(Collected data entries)
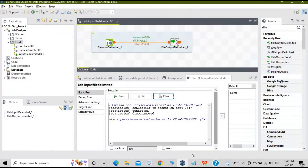That's today's accomplishment. This is how you can read data from a delimited input file and display it on the console or write it to an output delimited file. That's it for today's video — we will meet in the next video with some different and fruitful topics. Keep learning, thank you, bye.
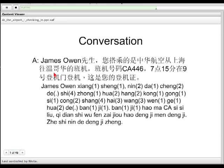从 means 'from' — 上海, Shanghai. 往 means 'to' — 温哥华, Vancouver. So 从...往 means from Shanghai to Vancouver. 班机 means flight, and 班机号码 means flight number — CA446.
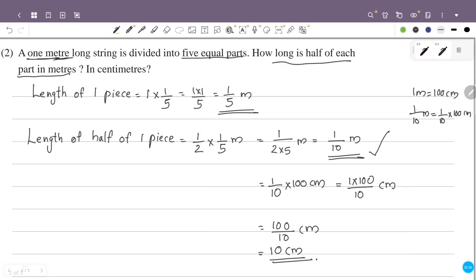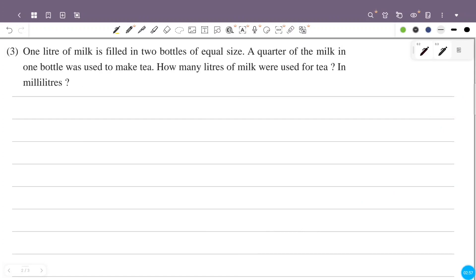How are the equal parts? We continue checking the equal parts.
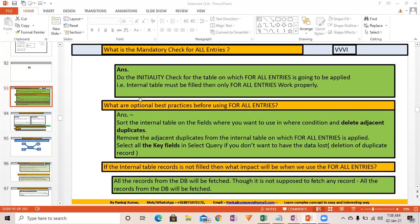Pass by reference means you're sending the memory reference — if you change anything in the subroutine it will be reflected back. Pass by value only copies the value — changes inside the subroutine won't affect the original. In pass by reference, both formal and actual parameters point to the same memory address; in pass by value, the value is just copied.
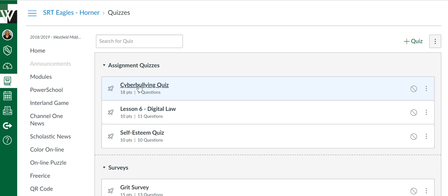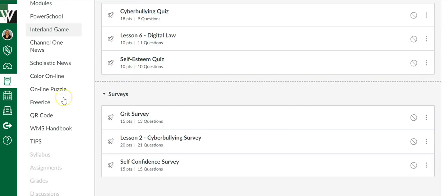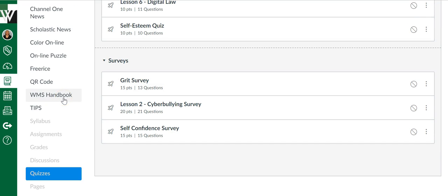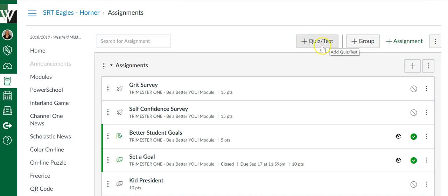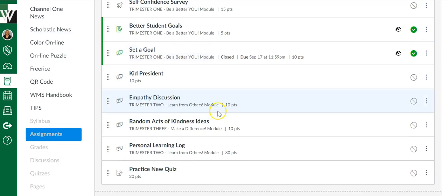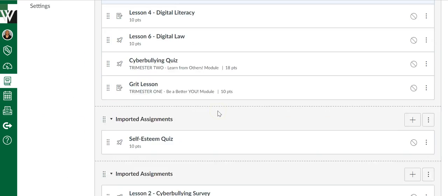All right, so we've migrated it over. So now to find it, it's not going to be in the Quizzes link anymore. It's going to be housed in the Assignments link. This is where the new Quizzes.Next feature is housed, and we would access it to start a new quiz by clicking this tab.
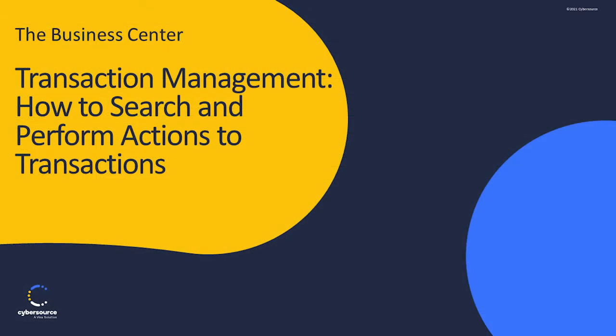Thank you for watching this video on how to search and perform actions to transactions in the Business Center. For any additional questions or help, please refer to the online help in the Business Center.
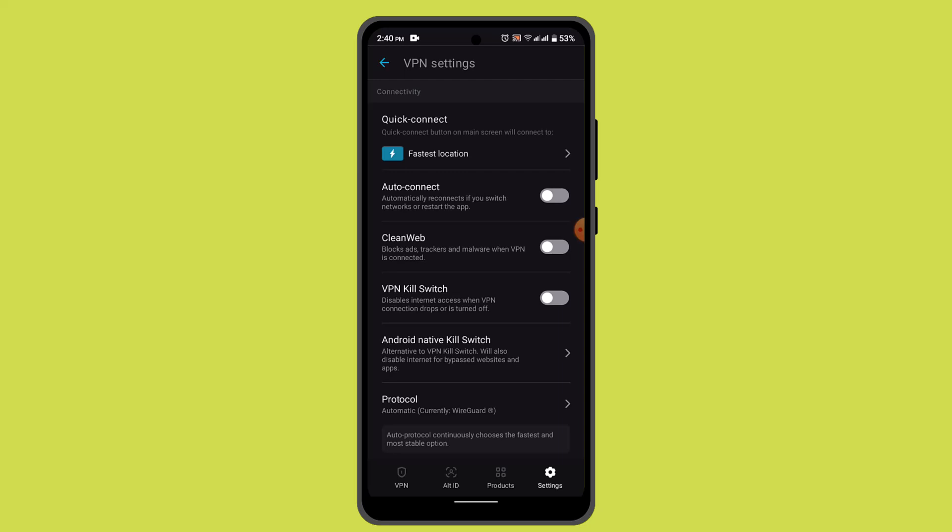Once split tunneling is enabled, you can typically add specific apps or websites that you want to exclude from the VPN connection. This means that traffic from these apps or websites will bypass the VPN tunnel and use your regular internet connection instead.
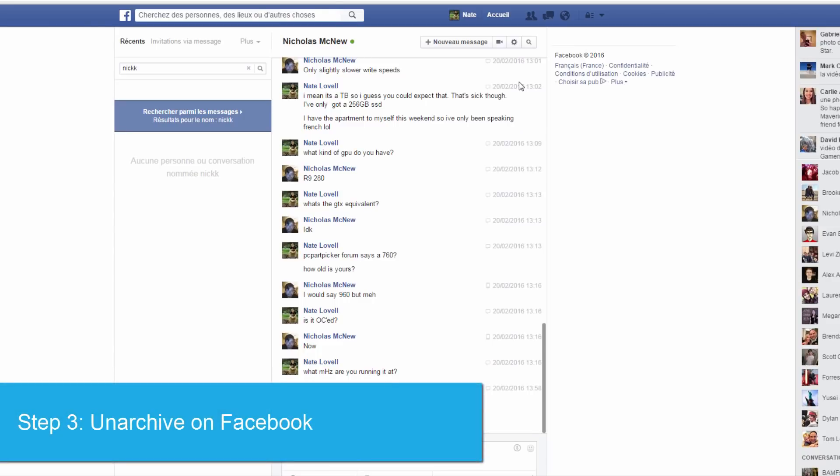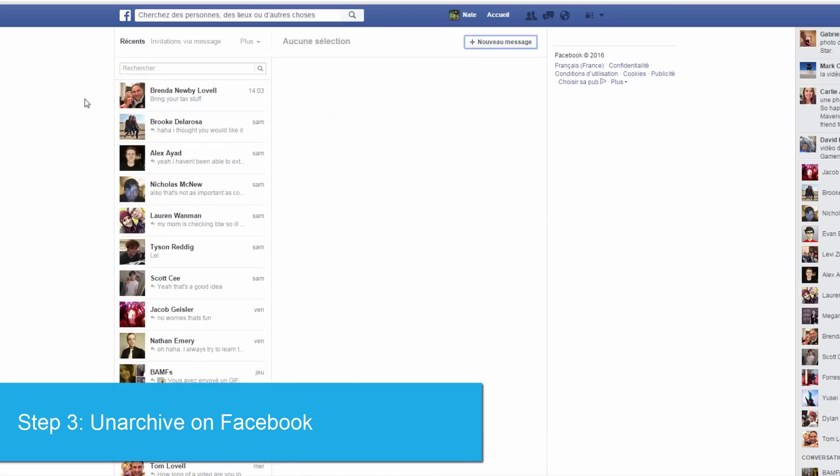Once you've found your archived conversation, just click on this cog here and select unarchive and it will instantly reset it back to where it was before.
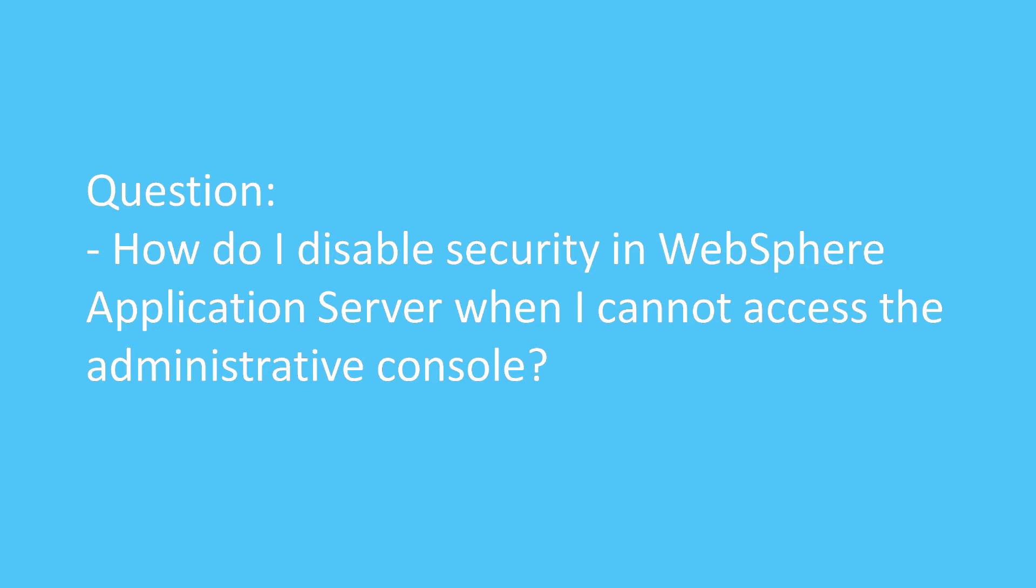Question: How do I disable security in WebSphere application server when I cannot access the administrative console?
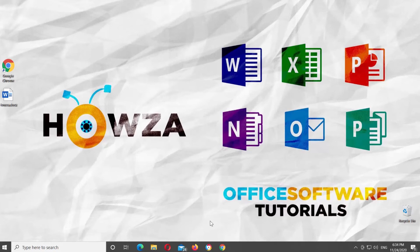Hey! Welcome to Howza Channel! In today's lesson, you will learn how to insert or remove a page in Microsoft Word Online.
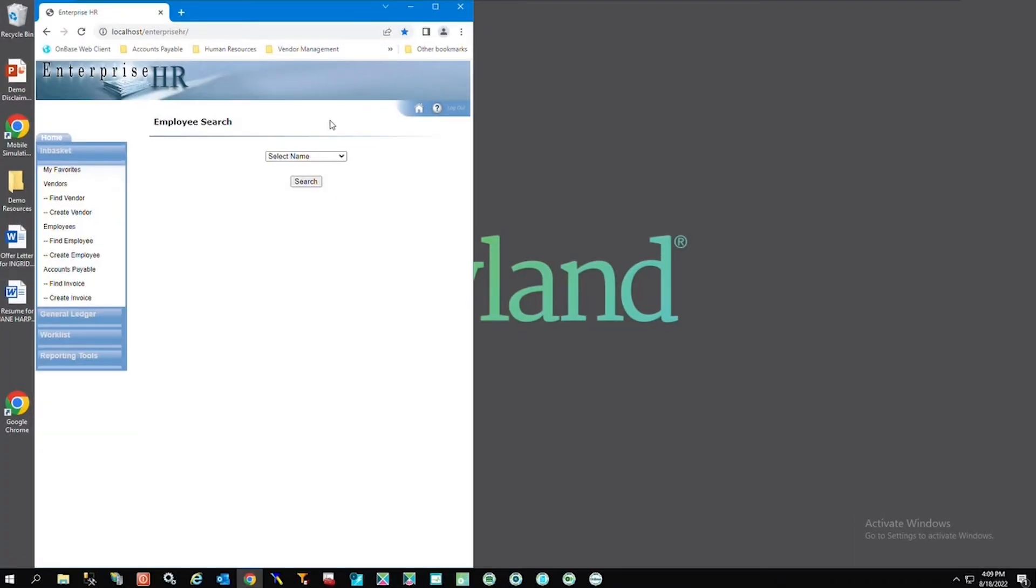Application Enabler allows us to use our existing line of business application and still access the depth of knowledge stored in OnBase. This HR enterprise solution will be the application that we're using to showcase these capabilities when looking up pertinent employee information.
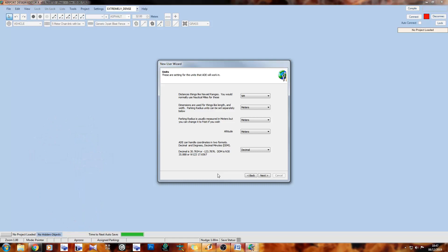On the next page we have our units, which are all user-defined. You can switch between metric and imperial for most measurements. However, the very top one — distances — is always measured in nautical miles and cannot be changed. Below that you can change meters to feet, and decimal coordinates to DDM format.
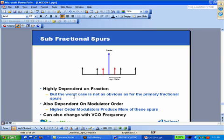You really need to test around a little bit to find what that is. They can be dependent upon modulator order. Higher order modulators tend to produce more of these things if you have certain factors in the fractional denominator. And they also could change with the VCO frequency — even if the fraction is the same.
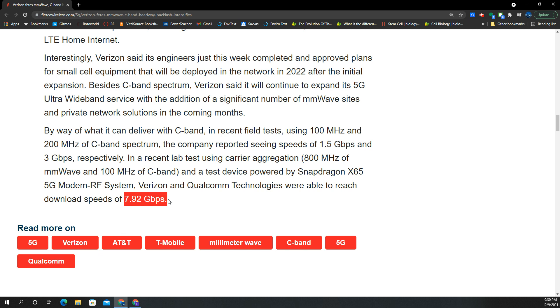Of course, this is lab usage - application in the perfect scenario. You're not going to get that in the real world, but it's going to be pretty close. I would expect to see around 2.5 gigs with that C-Band setup, with those two carriers of C-Band - 100 and 200 MHz. As for the millimeter wave and C-Band combined - 800 MHz and 100 MHz - they're saying up to almost 8 gigs. I'd expect 7 gigs. Sure, why not?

* **DIRECTIONS**
Repeat each record verbatim, pictures excluded.

* **RESULT**
That's today's accomplishment. This is how you can read data from a delimited input file and display it on the console or write it to an output delimited file. That's it for today's video — we will meet in the next video with some different and fruitful topics. Keep learning, thank you, bye.
从 means 'from' — 上海, Shanghai. 往 means 'to' — 温哥华, Vancouver. So 从...往 means from Shanghai to Vancouver. 班机 means flight, and 班机号码 means flight number — CA446.
How are the equal parts? We continue checking the equal parts.
Pass by reference means you're sending the memory reference — if you change anything in the subroutine it will be reflected back. Pass by value only copies the value — changes inside the subroutine won't affect the original. In pass by reference, both formal and actual parameters point to the same memory address; in pass by value, the value is just copied.
All right, so we've migrated it over. So now to find it, it's not going to be in the Quizzes link anymore. It's going to be housed in the Assignments link. This is where the new Quizzes.Next feature is housed, and we would access it to start a new quiz by clicking this tab.
Thank you for watching this video on how to search and perform actions to transactions in the Business Center. For any additional questions or help, please refer to the online help in the Business Center.
Once split tunneling is enabled, you can typically add specific apps or websites that you want to exclude from the VPN connection. This means that traffic from these apps or websites will bypass the VPN tunnel and use your regular internet connection instead.
Once you've found your archived conversation, just click on this cog here and select unarchive and it will instantly reset it back to where it was before.
Question: How do I disable security in WebSphere application server when I cannot access the administrative console?
Hey! Welcome to Howza Channel! In today's lesson, you will learn how to insert or remove a page in Microsoft Word Online.
Application Enabler allows us to use our existing line of business application and still access the depth of knowledge stored in OnBase. This HR enterprise solution will be the application that we're using to showcase these capabilities when looking up pertinent employee information.
On the next page we have our units, which are all user-defined. You can switch between metric and imperial for most measurements. However, the very top one — distances — is always measured in nautical miles and cannot be changed. Below that you can change meters to feet, and decimal coordinates to DDM format.
You really need to test around a little bit to find what that is. They can be dependent upon modulator order. Higher order modulators tend to produce more of these things if you have certain factors in the fractional denominator. And they also could change with the VCO frequency — even if the fraction is the same.
Of course, this is lab usage - application in the perfect scenario. You're not going to get that in the real world, but it's going to be pretty close. I would expect to see around 2.5 gigs with that C-Band setup, with those two carriers of C-Band - 100 and 200 MHz. As for the millimeter wave and C-Band combined - 800 MHz and 100 MHz - they're saying up to almost 8 gigs. I'd expect 7 gigs. Sure, why not?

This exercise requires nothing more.